The previously available books by Tolkien (many edited by his son Christopher)
took different forms: _The Hobbit_ and _The Lord of the Rings_ are traditional
narrative stories; _The Silmarillion_ blurs together the styles of the Bible,
a history textbook, and historical fiction; _Unfinished Tales_ is a collection
of isolated or incomplete stories and essays along with framing commentary for
each; and the twelve History of Middle-earth books are a thoroughly scholarly
analysis of the complete textual history of Tolkien's invented world (which
happen to include quite a lot of fascinating and enjoyable stories and
fragments along the way). Christopher Tolkien has done a really admirable job
of sharing his father's broader vision (at his father's request!) with as wide
an audience as possible.

When _The Children of Húrin_ appeared (around 10 years ago), it was the first
self-contained narrative story about Middle-earth published since Tolkien's
death. Most or all of the actual text had been published before (it's a very
close match to the first story in _Unfinished Tales_ ), but it was framed in a
way to be much more accessible: it's quite readable by someone who hasn't read
anything beyond _The Lord of the Rings_ , with no _Silmarillion_ necessary. (I
wrote a short "bridge" of backstory to help with that, for people intimidated
by the book's 15 pages of introductory information:
[http://tolkien.slimy.com/essays/HurinBridge.html](http://tolkien.slimy.com/essays/HurinBridge.html))
My sense is that this book did a great job of opening some of Tolkien's
broader vision to a wider audience. (And people who enjoy it might go on to
read _Unfinished Tales_ or _The Silmarillion_ with a bit more interest.)

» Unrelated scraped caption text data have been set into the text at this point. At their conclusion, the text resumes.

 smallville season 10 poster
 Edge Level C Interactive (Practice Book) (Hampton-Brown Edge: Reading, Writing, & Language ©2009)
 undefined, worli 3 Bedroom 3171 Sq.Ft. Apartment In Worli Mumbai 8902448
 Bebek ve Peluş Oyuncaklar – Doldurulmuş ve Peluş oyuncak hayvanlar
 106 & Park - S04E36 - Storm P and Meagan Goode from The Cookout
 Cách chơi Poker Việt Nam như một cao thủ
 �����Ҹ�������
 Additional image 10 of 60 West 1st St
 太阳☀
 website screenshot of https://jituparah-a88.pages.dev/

From what I can tell so far, _Beren and Lúthien_ is a very different beast.
It's not a single, coherent narrative, but rather a focused "slice" of textual
history from throughout the whole History of Middle-earth series. The style of
Christopher Tolkien's commentary seems to be more conversational and less
scholarly, but it starts with the earliest version of the story (which feels
_very_ foreign to readers of _The Silmarillion_ ) and talks through its stages
of evolution, evidently including its lengthy rendition as an epic poem.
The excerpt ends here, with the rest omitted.